これについてはもう少し観察が必要だし、あの直情的な性格ならば、彼と話す機会があれば何か喋ってくれるかもしれない。
そしてもう一つは、世界樹の異変。
ソバカス兵士の言っていた『あの方』が、私の想像している人物だった場合、世界樹の異変に影憑きが関わっている可能性が高くなる。
だから何よりもまず、さっきスマホで撮った情報を確認しておく必要がある。
「世界樹の事か?」
「うん。あんな風になるなんて、只事じゃ無いでしょ?だから、世界樹の状態を知るのが最優先かなって」
「そりゃまぁ、そうだろうけど。でもそれはここじゃ何も分からないんじゃないか?」
フェリオも世界樹の黒ずんだ姿を思い出したのか、どこか不安そう。
「それなら多分、分かると思う」
「どうやって?」
「フッフッフッ。実はさっきコレで世界樹の写真を撮ったの」
私はポケットからスマホを取り出して得意気に翳して見せる。
「あれ?それさっき取り上げられてたハズじゃ・・・ッもしかして、ちゃんと戻ってきたのか?あの機能ちゃんと使えたんだな」
「そうなの!窓からビューンッて」
「おぉ~!オレも見たかったなぁ」
「ふふふッ。それで、さっきあの司教が来る前に、世界樹を写真に撮ってみたんだけど・・・」
私は保存された世界樹の写真メニューから虫眼鏡のアイコンをタップする。
『現の世界樹─休眠』
現に存在する世界樹
その根は神の肘掛け山の地中深くまで伸び、世界中の樹木と繋がっているとされる
根元から湧き出る泉は、生命の源とたる魔力に充ちている
世界樹の枝葉は高度な錬金素材として用いられる
状態:水分不足・魔力枯渇・魔力汚染
現の世界樹・・・それが世界樹の正式な名前なのね。それにしても、予想したよりも詳しい内容が載ってる。
もしかしたらフラメル氏の書棚に詳しく書かれた書物があったのかも。
さて、問題は状態の所だよね。
「水分不足、魔力枯渇、この辺りはきっと前からだよね。とすると、魔力汚染・・・やっぱりこれが原因かな」
「十中八九そうだろうな。それに、魔力が汚染されるなんて、どんな生物だったとしても原因は一つだ」
「影の魔力?」
「そうだ。本来、この世界上の生物は皆、固有の魔力を持っていて、それが変質したり混ざったりする事は無い。それを可能にするのは、この世界の外から来る魔力だけだ」
「ゲートの影響?」
「う~ん。いや、世界樹の近くでゲートが発生していたらもっと大騒ぎになってるはずだ。恐らく、ゲートは別の場所に発生したはず。それにいくら影魔獣とは言え、世界樹に影響を与えられるとは思えない。それが可能なのは───」
「やっぱり、影憑が関係してるって事、だよね」
「だろうな。しかも、あの女の可能性が高い」
「・・・カロリーナ・スフォルツァ」
「あぁ」
「どうしてこのタイミングでここに・・・。もしかして、私達を追って?」
だとしたら、この騒動の原因は私にあるんじゃ・・・。世界樹を治すなんて言って、逆に厄災を連れて来てしまうなんて。
「それは今考えても仕方無い。それに、奴等が何かしたとして、それは奴等が原因であって、全ては奴等の所為だ。そこを忘れるな」
私の考えていた事が分かったのか、フェリオにそう諭される。
とは言え、気にするなと言われても、完全にこのモヤモヤを消し去る事は出来ないけれど、かと言ってこんな所で落ち込んでウジウジと悩んでいたって何も解決しないのだから、今は気持ちを切り替えるべきだろう。
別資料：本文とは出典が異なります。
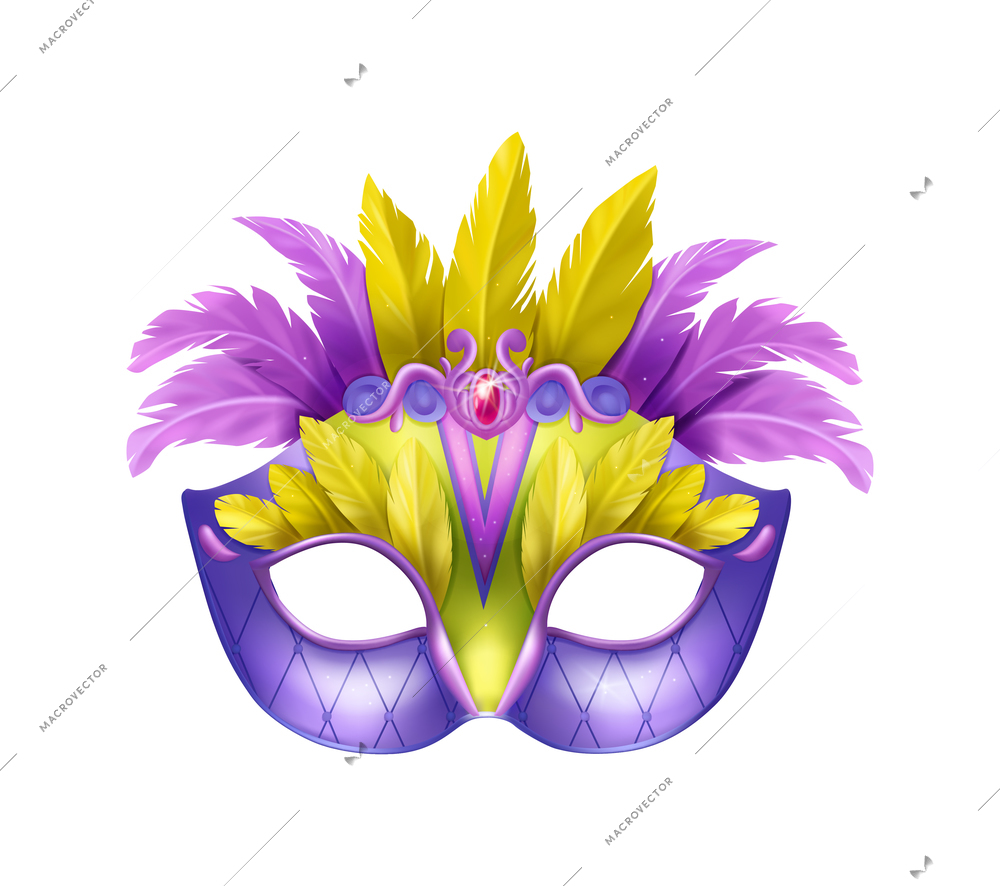 Realistic carvinal mask composition with isolated image of masquerade mask with purple and yellow feathers vector illustration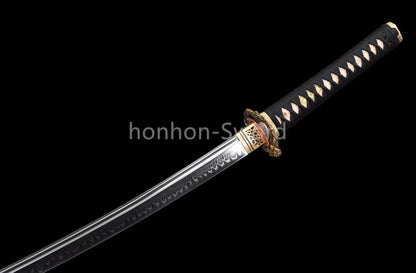 T10 Clay Tempered Japanese Katana Black Samurai Sword Brass Tsuba Full Tang Real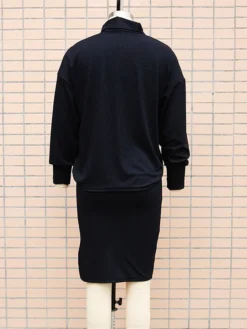 Women's Two Piece Dress Set Casual Dress Skirt Set Outdoor Daily Fashion Streetwear Split Ribbed Midi Dress Turtleneck Long Sleeve Plain Loose Fit Black Brown Beige Fall Winter S M L XL -Party Prom Dresses Sales Store zdiybh1694596424978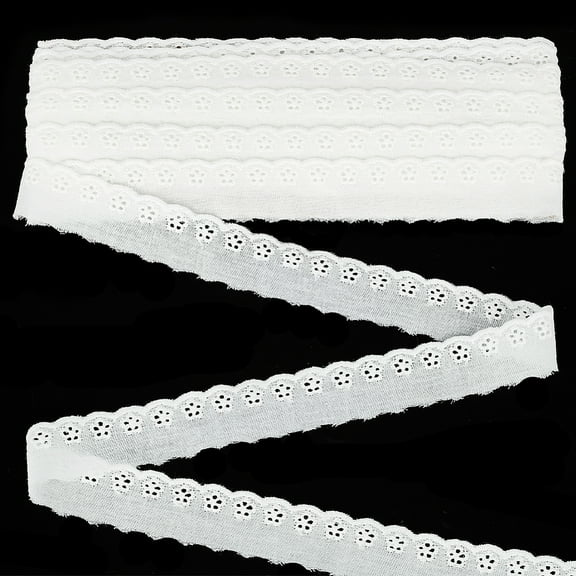 1card 15 Yards Embroidery Flower Lace Trim Wavy Edged Ribbon Garment Accessories WhiteSmoke 1 inch(25mm)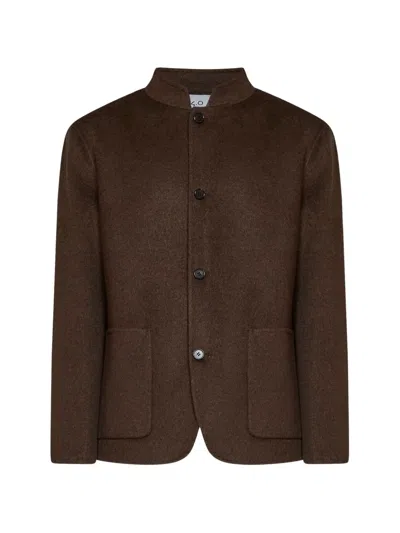 D4.0 Guru-collar Wool Jacket In Brown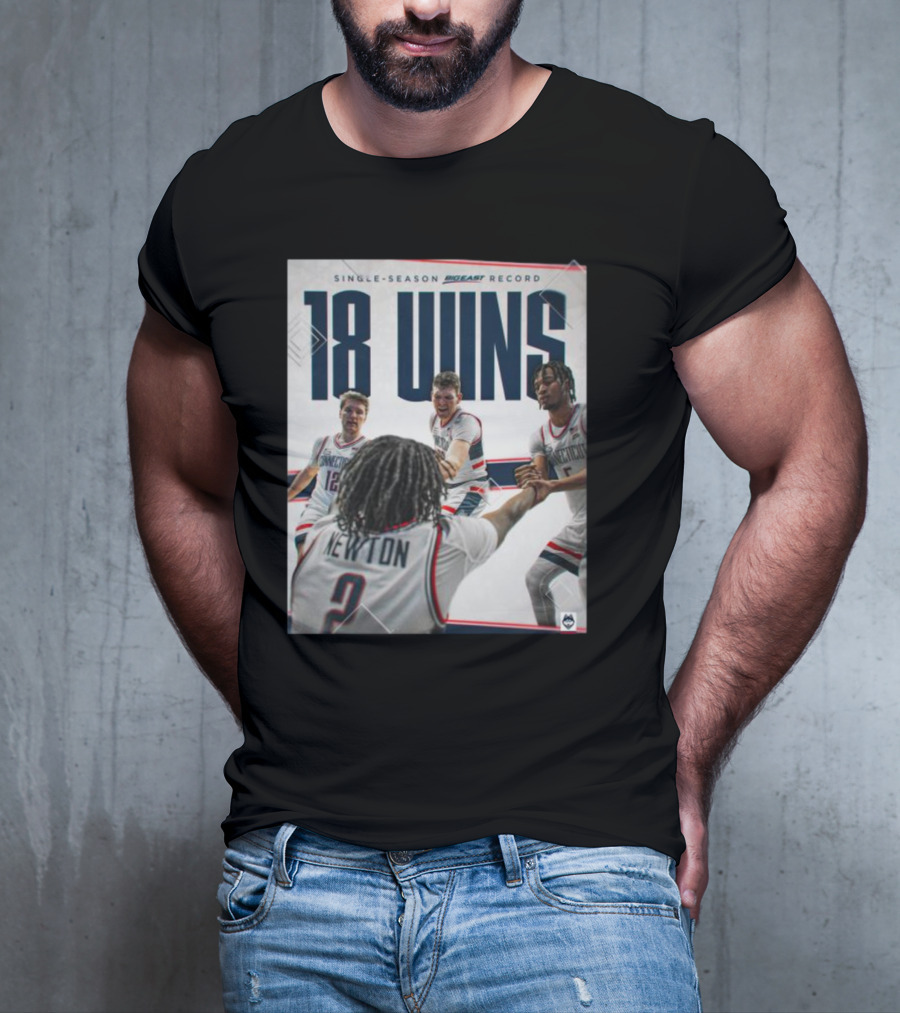 Single Season Bigeast Record 18 Wins UConn Basketball Team T-Shirt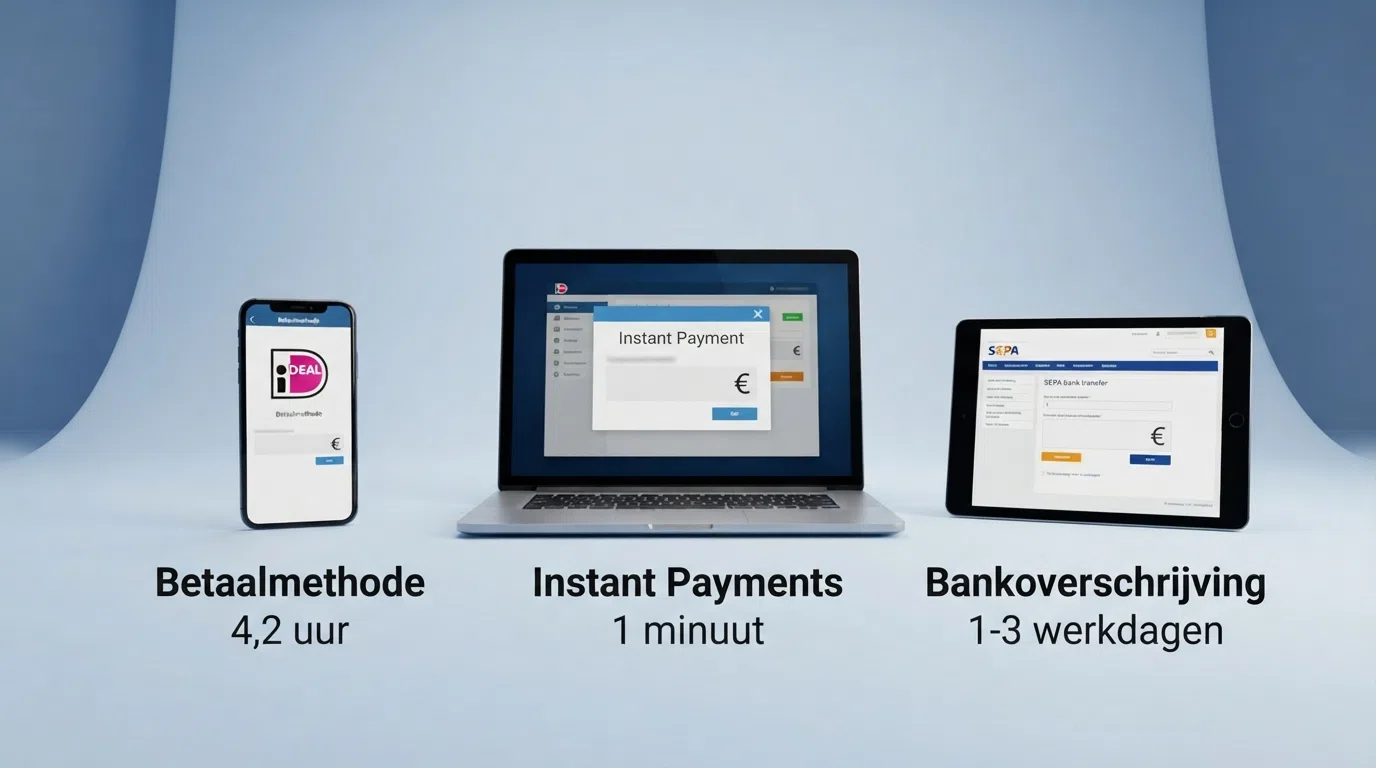 De drie snelste uitbetalingsmethoden — iDEAL, Instant Payments en bankoverschrijving — met hun gemiddelde verwerkingstijden in een visueel overzicht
「そうだよね。そうと決まったら、打倒影憑!ってことで、作戦会議かな?」
「だな。さて、どこから手を付ける?」
「う~ん。最優先は世界樹だけど、教会の兵士がスフォルツァさんの影響を受けている可能性が高いとなると、下手に動くと危ないかもしれない」
「だが、このまま教会の連中に動きが無ければ、世界樹が手遅れになるかもしれないぞ?」
「そうなんだよね。次、いつ彼等がここに来るかも分からないし」
私達が今すべきなのは、教会の人達がどこまでスフォルツァさんの影響を受けているか確認する事。それから、世界樹の魔力汚染をどうにかする事。
そして今の私達の問題としては、外の様子が分からない事。
でも、取り敢えず皆が無事らしいって事は分かってる・・・。
「あれ?それなら・・・この部屋で大人しく捕まってる必要は無い、よね?」
私がニヤリと笑ってフェリオを見れば、フェリオもまた同じ様にニヤリと笑う。